Whenever I Check off ‘Latinx’ on Andover forms, I can’t help but feel undeserving of claiming my culture as my own. My fully Colombian ancestry doesn’t discount the fact that, with blonde hair and blue eyes and light skin, I don’t know what to do with the white privilege melting off my skin.
I feel white privilege when I walk into stores and eyes don’t follow me, when I am assumed to be Anglo-American, and when I don’t have to worry about being told to go back to my country by strangers. But I don’t feel privileged when immigrants are dehumanized for simply seeking better opportunities– being labeled criminals, rapists, and illegal. I don’t feel privileged when the sitting president threatens to delegitimize my lawful citizenship just to excite his political base. In an interview with Axios, Trump revealed his plan to eliminate birthright citizenship with an executive order in October. I don’t feel privileged when I have to pretend that politics isn’t scrutinizing my very existence in the United States, as if human beings can be negotiated like objects in the first place.
It took me a minute to summon the courage to enter CAMD for the first time. I couldn’t stand the prospect of continuing to be labeled as the white girl pretending to be Latinx. Do I even have the right to claim the identity if I’m passing, if I don’t face any surface discrimination? Am I a person of color or is my skin too light? Or is my skin color defining when, in the end, I become a statistic on an admission pamphlet? I wish someone had told me the answers, but no one ever teaches you how to prove your ethnicity to the blurred faces that don’t believe you. No one tells you how to understand your ancestors slaughtering your other ancestors for gold and why no one talks about it. The mixed blood of both the indigenous of Latin America and the Spanish conquistadors run through my veins—the product of mass genocide. No one teaches you how to react when being called a drug dealer for the first time. I wish someone had told me that I would never be Latinx enough or white enough to reach their expectations so I wouldn’t have failed trying.
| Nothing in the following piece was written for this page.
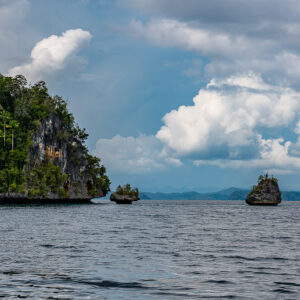Forested cliff with two small rock stacks out at sea, Waigeo, Raja Ampat, Indonesia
When I was younger, I used to think that my white privilege was a bad thing. I wished desperately to look more like my parents, who both have brown hair and eyes. I wanted to fit the classic Latinx portrayal in American media so that I wouldn’t have to reference my birth certificate or fluency in Spanish to prove my ethnicity. I also felt as though I didn’t deserve a privilege that both my family and ancestors don’t have access to.
But there are so many voices stifled in immigrant communities, stories, and perspectives blocked by the American rhetoric machine. Not advocating with a voice of privilege for those being silenced is actively choosing to be complacent in the hatred occurring in this country. Being a white Latina, I have more privilege than my brown and black brothers and sisters. I believe that to not use that privilege, to not use the power that was given to me to speak out, would be to reject my roots and my people.
To my white and white-passing peers, check and recognize your privilege. We must do better, not to overpower the voices of our brown and black peers, but to respect and support them. Andover must be held accountable—we must educate ourselves. We can no longer teach freshmen in E.B.I. that Latinx is a race. We can no longer simply watch others take action while believing that whatever issue doesn’t pertain to us. When immigrants are being kept in literal cages, it isn’t a problem that minorities have to solve, it’s a universal, human problem.
I don’t think the feeling of not being enough will ever go away. I don’t think people will stop disagreeing with my ethnicity. The discrimination I experience does not amount to the discrimination non-passing people of color in this country are currently facing. But white guilt doesn’t help anyone, while action, advocacy, and empathetic conversation do. We cannot perpetuate inactiveness when the silence of the oppressed is deafening, we cannot simply ignore the plights of others. White and white-passing people need to be actively fighting against the system that gives us privilege.